3. Checking high/low-passed versions - done.
4. Yes, Sonarworks keeps popping up in this thread - downloading the trial-version now.


----------



## rlundv

Wolfie2112 said:


> What type of system does your friend's studio have?


He has a Apogee Duet soundcard, with two Yamaha HS 8 in an untreated room. Sounds fairly decent to my untrained ears.


----------



## rlundv

averystemmler said:


> I've been mixing in headphones a lot lately , and I think it's always a bit of a gamble. Having several different headphones/monitors to alternate between is helpful, as is constantly checking the mono mix. I've been using Sonarworks lately, but that sure hasn't stopped me from making bad decisions, particularly in the bass.
> 
> I'm considering iZotope's Tonal Balance Control, as a reality check. Visually comparing your mix to one you know and love on a spectrograph or analyzer can point out things your ears may have missed too.
> 
> And most importantly, if your mix sounds even better than the reference to you in your monitors, something is probably horribly wrong. I make this mistake every single time.



Thank you for mentioning the Izotope-plugin! Will check that out, sounds really handy.


----------



## rlundv

storyteller said:


> I haven’t seen it mentioned yet, but mixing in mono will reveal quite a lot. Mix mono first, then stereo, then back to mono, etc. It is surprising how bad your mono mix will sound when learning how to mixing on headphones. Seriously. It happens to the best of us.
> 
> Waves NX is a great tool used in conjunction with Sonarworks. But, being honest about it, I find I strongly dislike the artifacts added by both pieces of software and find myself returning to a clean signal straight to headphones (HD650s btw).
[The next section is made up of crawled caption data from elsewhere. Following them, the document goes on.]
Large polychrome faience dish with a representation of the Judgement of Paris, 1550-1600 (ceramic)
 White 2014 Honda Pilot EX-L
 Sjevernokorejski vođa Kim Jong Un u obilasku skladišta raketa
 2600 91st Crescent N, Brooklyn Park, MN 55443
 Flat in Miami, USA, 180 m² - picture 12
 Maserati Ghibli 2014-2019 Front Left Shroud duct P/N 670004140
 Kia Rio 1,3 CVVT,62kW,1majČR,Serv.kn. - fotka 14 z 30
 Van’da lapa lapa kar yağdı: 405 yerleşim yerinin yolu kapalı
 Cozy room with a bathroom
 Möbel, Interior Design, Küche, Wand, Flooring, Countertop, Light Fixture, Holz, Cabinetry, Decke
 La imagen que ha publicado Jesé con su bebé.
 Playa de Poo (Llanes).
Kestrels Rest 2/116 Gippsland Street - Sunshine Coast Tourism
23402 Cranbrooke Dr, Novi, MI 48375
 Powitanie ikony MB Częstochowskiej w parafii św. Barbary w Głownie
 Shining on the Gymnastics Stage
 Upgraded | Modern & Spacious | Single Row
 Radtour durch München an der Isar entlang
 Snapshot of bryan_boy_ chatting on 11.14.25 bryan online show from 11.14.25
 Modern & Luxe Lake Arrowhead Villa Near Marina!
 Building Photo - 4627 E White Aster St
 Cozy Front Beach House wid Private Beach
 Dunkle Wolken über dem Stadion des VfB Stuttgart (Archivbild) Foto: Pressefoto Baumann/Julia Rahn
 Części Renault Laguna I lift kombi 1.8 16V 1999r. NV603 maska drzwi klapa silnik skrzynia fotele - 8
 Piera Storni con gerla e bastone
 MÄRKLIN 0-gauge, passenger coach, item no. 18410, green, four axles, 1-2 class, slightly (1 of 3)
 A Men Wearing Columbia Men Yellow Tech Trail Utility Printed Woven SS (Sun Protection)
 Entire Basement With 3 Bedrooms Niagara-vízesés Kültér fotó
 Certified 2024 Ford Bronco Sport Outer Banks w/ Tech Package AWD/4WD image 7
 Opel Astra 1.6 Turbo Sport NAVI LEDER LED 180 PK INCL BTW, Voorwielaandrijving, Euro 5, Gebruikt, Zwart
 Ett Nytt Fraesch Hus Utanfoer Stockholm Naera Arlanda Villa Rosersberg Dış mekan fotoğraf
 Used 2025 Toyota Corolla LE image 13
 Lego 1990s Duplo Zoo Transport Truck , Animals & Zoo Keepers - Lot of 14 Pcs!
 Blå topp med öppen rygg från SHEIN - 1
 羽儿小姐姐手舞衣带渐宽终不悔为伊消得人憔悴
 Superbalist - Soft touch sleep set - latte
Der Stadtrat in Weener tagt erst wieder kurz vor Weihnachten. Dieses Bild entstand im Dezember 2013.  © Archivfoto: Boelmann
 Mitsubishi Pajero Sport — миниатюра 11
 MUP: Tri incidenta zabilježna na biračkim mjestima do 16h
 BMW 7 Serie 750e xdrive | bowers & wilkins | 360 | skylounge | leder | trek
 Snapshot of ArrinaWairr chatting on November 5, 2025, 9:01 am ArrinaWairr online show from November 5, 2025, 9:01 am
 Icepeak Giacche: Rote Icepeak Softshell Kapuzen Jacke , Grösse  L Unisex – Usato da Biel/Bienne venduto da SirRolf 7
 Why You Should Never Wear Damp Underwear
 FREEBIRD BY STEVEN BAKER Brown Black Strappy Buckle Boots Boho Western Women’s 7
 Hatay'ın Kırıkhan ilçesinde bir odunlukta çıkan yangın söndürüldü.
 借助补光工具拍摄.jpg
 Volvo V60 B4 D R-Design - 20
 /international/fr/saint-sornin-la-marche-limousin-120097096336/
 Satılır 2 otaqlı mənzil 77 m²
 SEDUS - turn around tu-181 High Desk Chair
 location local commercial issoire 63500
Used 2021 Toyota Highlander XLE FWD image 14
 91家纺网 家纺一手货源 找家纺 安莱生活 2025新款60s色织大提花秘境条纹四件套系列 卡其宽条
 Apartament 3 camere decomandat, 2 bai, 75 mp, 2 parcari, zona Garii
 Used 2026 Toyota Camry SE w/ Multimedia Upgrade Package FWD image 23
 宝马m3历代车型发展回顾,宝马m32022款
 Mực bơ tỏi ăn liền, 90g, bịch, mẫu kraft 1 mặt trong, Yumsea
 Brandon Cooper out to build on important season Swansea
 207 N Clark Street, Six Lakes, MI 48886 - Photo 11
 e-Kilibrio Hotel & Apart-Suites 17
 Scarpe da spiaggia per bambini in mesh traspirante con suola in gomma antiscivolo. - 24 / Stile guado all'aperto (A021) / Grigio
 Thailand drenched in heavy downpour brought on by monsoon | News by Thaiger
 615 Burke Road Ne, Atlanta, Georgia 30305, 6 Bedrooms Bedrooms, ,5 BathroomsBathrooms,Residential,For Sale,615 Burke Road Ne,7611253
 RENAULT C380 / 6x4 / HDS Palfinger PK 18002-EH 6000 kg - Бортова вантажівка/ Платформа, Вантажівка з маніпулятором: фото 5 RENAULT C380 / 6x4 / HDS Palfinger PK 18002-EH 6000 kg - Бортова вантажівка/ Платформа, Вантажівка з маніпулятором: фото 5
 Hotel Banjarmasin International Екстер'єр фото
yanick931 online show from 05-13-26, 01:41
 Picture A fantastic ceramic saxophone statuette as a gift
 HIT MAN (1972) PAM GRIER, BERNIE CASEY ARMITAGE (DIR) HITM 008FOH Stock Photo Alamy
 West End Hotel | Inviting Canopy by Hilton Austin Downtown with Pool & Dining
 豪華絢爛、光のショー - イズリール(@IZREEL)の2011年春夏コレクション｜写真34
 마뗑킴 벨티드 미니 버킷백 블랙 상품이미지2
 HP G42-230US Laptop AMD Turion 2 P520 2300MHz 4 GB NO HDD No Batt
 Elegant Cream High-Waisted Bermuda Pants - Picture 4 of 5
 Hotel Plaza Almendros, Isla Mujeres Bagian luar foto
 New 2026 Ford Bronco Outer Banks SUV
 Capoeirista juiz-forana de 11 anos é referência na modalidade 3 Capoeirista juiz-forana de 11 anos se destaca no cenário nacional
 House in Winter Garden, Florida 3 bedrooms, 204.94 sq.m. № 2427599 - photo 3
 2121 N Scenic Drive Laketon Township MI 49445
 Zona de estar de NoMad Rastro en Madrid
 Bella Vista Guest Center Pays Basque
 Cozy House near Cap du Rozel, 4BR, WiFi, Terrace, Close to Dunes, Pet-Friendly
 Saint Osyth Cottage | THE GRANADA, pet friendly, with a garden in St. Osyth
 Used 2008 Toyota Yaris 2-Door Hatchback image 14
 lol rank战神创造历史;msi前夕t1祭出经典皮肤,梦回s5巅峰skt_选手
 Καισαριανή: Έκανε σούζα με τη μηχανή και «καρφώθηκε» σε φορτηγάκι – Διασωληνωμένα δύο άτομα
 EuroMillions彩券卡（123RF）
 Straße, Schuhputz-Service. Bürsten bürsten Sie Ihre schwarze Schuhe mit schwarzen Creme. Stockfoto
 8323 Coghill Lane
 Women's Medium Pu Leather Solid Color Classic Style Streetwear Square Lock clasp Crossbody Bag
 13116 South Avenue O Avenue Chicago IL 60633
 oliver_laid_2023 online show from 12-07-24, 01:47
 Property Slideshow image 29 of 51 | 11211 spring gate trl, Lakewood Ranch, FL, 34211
But I do use the plugins on every headphone mix before I return to hating them again. Necessary evil I suppose...
> 
> You’ll need to make sure you have a great headphone preamp with great DA converters too. Even if you don’t think you’ll hear the difference, you’ll be mixing to an inadequate signal chain that you will subconsciously mix to.
> 
> *Edit: *And as Avery mentioned just before my post, Tonal Balance is an excellent tool! I use it all the time.



Yes, mixing in mono is something new for me - really have to look more into that. Just tried my newest mix in plain mono, and it was very hard to separate the instruments from one and another. Think this can be a good way to create a wider listening experience / stereo-field.

Thanks for mentioning Waves NX - will check it out!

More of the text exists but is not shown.